_Activity_. Below are lines of records; copy exactly those from the one containing "Катушка зажигания FORD C-MAX 2003-2010" through the one containing "Nike Park V Dri-FIT szürke férfi kapusmez", leaving the pictures behind.

(Supplied material Opens)

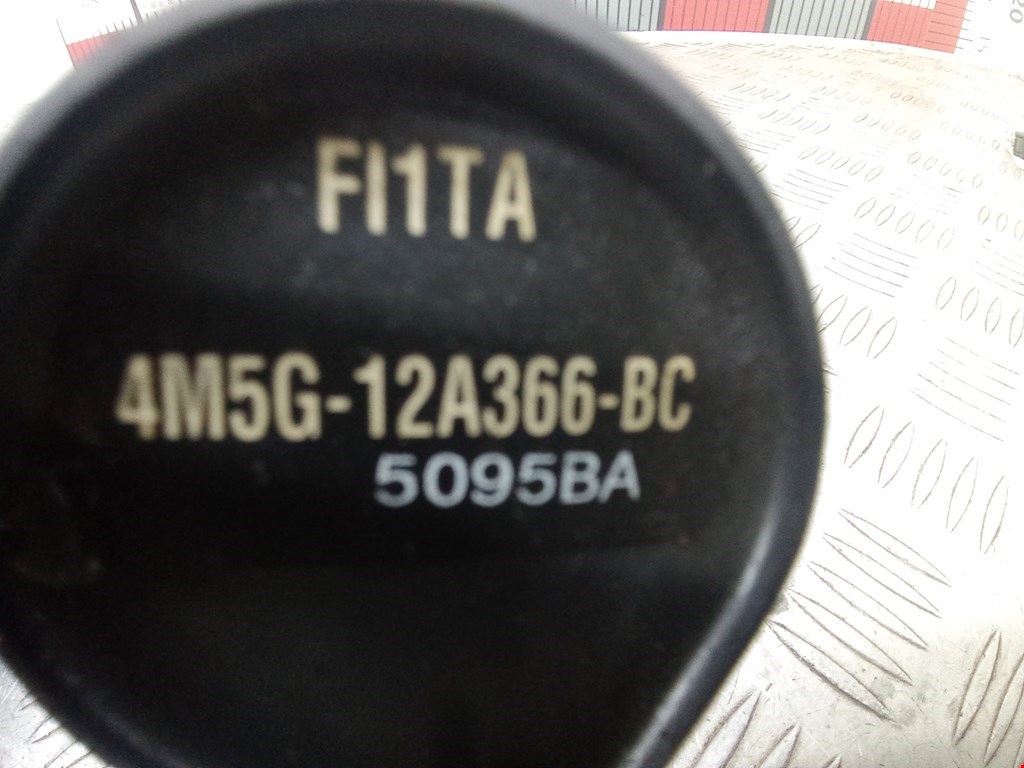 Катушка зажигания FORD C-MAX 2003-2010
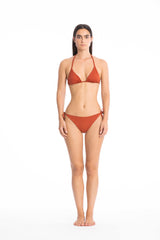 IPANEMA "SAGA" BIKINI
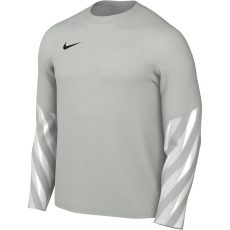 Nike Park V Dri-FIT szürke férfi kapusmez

(Supplied material Closes)
(Supplied material Opens)

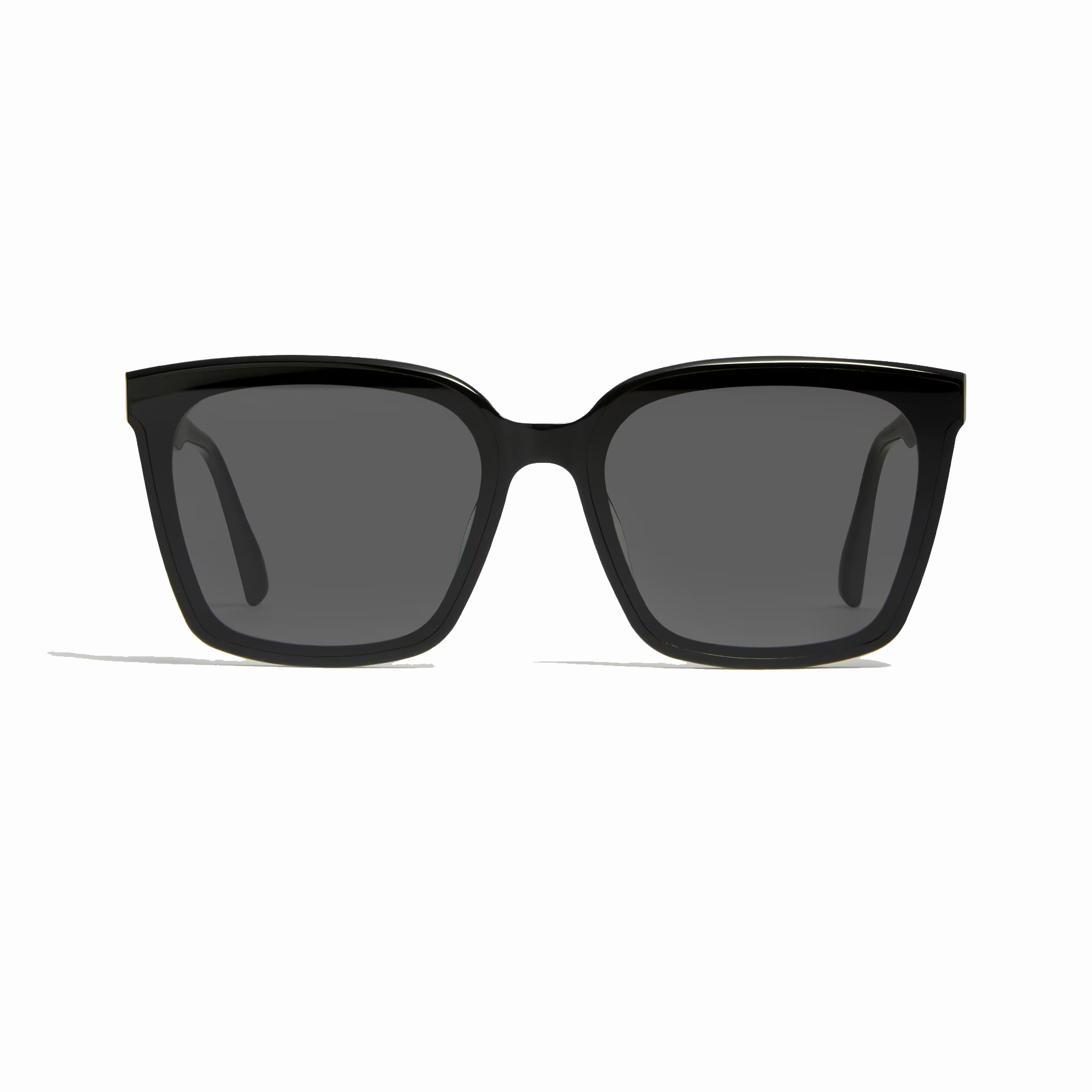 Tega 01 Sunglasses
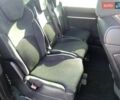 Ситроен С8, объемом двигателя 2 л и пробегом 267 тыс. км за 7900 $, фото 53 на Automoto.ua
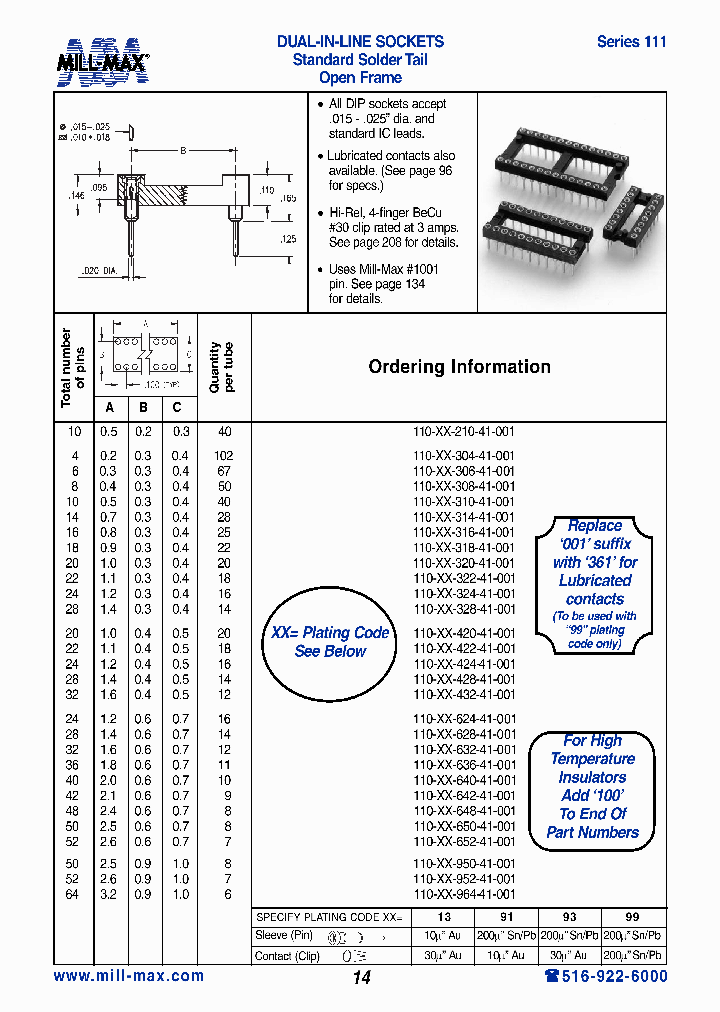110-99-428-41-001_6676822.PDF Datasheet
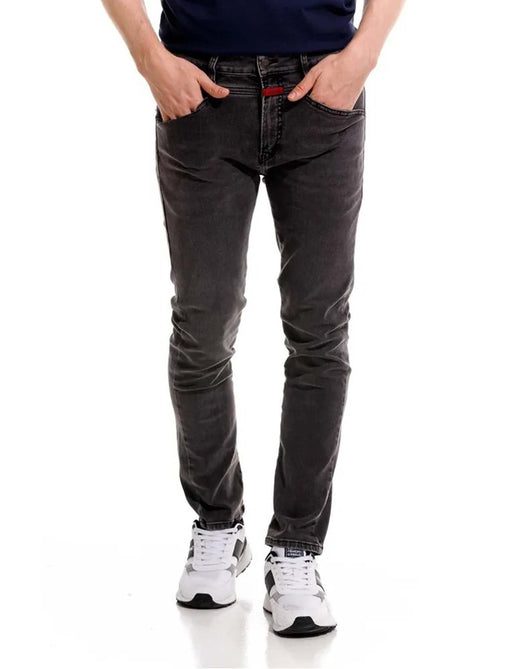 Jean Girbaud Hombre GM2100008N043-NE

(Supplied material Closes)

_Answer to this task_.
 Катушка зажигания FORD C-MAX 2003-2010
 IPANEMA "SAGA" BIKINI
 Nike Park V Dri-FIT szürke férfi kapusmez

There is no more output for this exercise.